# ASSIGNMENT
Output exactly, with nothing added, the entries from the first line through the line with "2023 Porsche Cayenne Base".

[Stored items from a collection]
+++
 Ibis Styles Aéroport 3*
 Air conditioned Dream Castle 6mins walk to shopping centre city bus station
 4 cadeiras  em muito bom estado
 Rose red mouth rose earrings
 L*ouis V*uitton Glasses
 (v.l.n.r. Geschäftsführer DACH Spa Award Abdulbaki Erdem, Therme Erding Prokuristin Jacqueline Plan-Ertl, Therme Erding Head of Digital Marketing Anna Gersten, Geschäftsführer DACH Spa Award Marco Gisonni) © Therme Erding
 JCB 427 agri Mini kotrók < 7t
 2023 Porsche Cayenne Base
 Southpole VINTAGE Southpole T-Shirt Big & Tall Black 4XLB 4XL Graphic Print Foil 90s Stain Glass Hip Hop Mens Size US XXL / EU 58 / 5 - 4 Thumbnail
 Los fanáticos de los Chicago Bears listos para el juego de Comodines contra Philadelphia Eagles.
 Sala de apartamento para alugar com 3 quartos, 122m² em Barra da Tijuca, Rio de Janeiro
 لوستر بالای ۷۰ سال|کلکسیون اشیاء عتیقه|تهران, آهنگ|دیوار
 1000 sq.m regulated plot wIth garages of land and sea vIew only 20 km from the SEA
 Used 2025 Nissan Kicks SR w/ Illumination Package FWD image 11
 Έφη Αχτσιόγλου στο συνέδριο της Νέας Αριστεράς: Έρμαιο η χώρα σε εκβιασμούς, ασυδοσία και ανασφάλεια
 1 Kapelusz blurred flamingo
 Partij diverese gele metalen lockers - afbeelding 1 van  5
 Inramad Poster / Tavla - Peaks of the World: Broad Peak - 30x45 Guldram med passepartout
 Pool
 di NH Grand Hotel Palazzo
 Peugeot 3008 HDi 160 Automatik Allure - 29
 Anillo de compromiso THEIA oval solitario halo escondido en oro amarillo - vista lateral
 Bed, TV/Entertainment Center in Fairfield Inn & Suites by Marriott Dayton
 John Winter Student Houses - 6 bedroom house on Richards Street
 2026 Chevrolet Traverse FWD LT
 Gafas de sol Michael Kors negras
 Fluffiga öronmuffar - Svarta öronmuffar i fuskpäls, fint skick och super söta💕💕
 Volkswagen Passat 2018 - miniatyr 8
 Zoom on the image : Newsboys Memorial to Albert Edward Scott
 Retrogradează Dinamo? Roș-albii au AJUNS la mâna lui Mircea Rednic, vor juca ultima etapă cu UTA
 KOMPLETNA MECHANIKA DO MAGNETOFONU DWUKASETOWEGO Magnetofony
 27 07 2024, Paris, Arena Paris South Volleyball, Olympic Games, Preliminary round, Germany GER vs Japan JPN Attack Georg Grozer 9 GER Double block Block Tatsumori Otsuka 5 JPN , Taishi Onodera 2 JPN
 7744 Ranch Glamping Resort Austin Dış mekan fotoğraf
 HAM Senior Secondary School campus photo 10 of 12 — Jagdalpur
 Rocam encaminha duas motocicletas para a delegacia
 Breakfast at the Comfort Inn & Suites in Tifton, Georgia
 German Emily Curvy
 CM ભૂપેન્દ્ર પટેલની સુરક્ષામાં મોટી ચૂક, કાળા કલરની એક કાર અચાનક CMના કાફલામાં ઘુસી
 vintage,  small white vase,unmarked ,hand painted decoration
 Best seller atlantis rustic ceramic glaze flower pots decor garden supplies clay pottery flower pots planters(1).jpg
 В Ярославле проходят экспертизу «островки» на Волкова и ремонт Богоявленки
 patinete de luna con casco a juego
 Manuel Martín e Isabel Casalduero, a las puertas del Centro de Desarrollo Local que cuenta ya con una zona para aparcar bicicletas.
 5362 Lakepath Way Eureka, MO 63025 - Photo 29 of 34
+++
# RESULT
 Ibis Styles Aéroport 3*
 Air conditioned Dream Castle 6mins walk to shopping centre city bus station
 4 cadeiras  em muito bom estado
 Rose red mouth rose earrings
 L*ouis V*uitton Glasses
 (v.l.n.r. Geschäftsführer DACH Spa Award Abdulbaki Erdem, Therme Erding Prokuristin Jacqueline Plan-Ertl, Therme Erding Head of Digital Marketing Anna Gersten, Geschäftsführer DACH Spa Award Marco Gisonni) © Therme Erding
 JCB 427 agri Mini kotrók < 7t
 2023 Porsche Cayenne Base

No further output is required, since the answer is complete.